Le parlement andorran adopte à l’unanimité une législation harmonisant les congés parentaux non transférables à 20 semaines d’ici 2030, pour favoriser l’équilibre vie pro-vie perso. Soutien multipartite met en lumière les responsabilités parentales partagées face aux débats sur le rythme et la cohérence en matière d’égalité des genres.

Points cles

  • Conseil général adopte à l’unanimité loi alignant congés parentaux non transférables à 20 semaines d’ici 2030.
  • Xavier Espot salue progrès en droits du travail et réconciliation familiale, contre fardeau des soins sur les femmes.
  • Opposition veut accélération à 2027 ; débat vif sur réserve à la Convention d’Istanbul.
  • Loi reconnaît modèles familiaux divers et promeut responsabilités partagées en garde d’enfants.

Le Conseil général andorran a unanimement approuvé une nouvelle loi égalisant le congé maternité et le congé paternité à 20 semaines d’ici 2030, marquant une étape vers un meilleur équilibre entre vie professionnelle et familiale ainsi que vers des responsabilités parentales partagées.

Cette mesure, élaborée au sein d’une commission multipartite, introduit une harmonisation progressive des congés non transférables partagés entre les parents. Le chef du gouvernement Xavier Espot l’a qualifiée de progrès en matière de droits du travail et de réconciliation familiale, soulignant que l’égalité est une réalité démocratique et non un objectif abstrait. Il a relevé les déséquilibres persistants, les tâches de soins incombant encore principalement aux femmes et freinant souvent leur carrière, et affirmé que la loi rend la maternité compatible avec l’épanouissement professionnel.

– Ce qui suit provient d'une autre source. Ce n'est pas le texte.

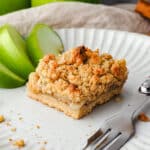 Close up piece of apple slice on a plate with a fork and fresh apple on the side.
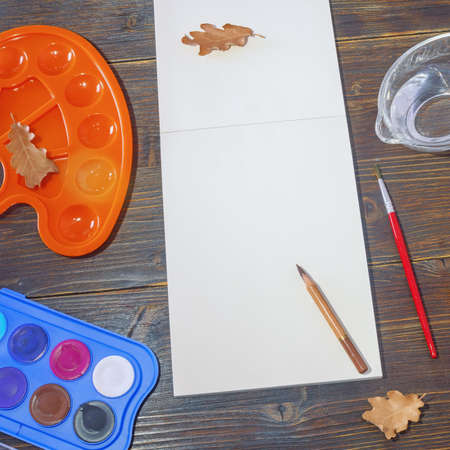 Sketchbook, watercolor paints, palette and dry autumn leaves on dark rustic table. School concept. Copy spaceの写真素材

Pere Baró, des Sociaux-démocrates, l’a qualifiée d’avancée importante mais incomplète, plaidant pour une mise en œuvre plus rapide d’ici 2027. Il a critiqué les mécanismes de contrôle comme présumant une défiance envers les citoyens et appelé à poursuivre la construction des droits. Núria Segués, de Concòrdia, a indiqué que la loi démonte les stéréotypes, s’attaque aux écarts salariaux et à la répartition inégale des soins, et opère un changement de paradigme en impliquant pleinement les hommes dans la garde d’enfants. Elle a mis en avant la flexibilité pour les profils professionnels variés et les bénéfices pour la santé familiale.

Noemí Amador, d’Andorra Endavant, a salué l’effort collaboratif, insistant sur le fait que la garde d’enfants n’est ni secondaire ni du ressort d’une seule personne, et que la réconciliation permet des vies familiales et professionnelles dignes. Elle a noté les consultations avec des groupes et la nécessité pour les entreprises de planifier les absences.

Le débat s’est enflammé sur l’opposition antérieure d’Andorra Endavant à la levée d’une réserve sur la Convention d’Istanbul, qui rendrait l’État solidairement responsable des indemnisations aux victimes de violences de genre si les auteurs ne paient pas. Segués et Baró ont accusé le parti de soutenir une égalité sélective. Carine Montaner, cheffe du groupe, a défendu leur position, arguant que l’État ne devrait pas assumer les responsabilités financières des agresseurs et affirmant que l’ancien chef du gouvernement Toni Martí n’aurait jamais levé la réserve. Espot a jugé contradictoire de soutenir cette loi tout en s’opposant à cette mesure, qualifiant l’analogie de Montaner entre violences de genre et vol de mauvais goût.

La loi reconnaît les modèles familiaux divers et a été adoptée par assentiment jeudi.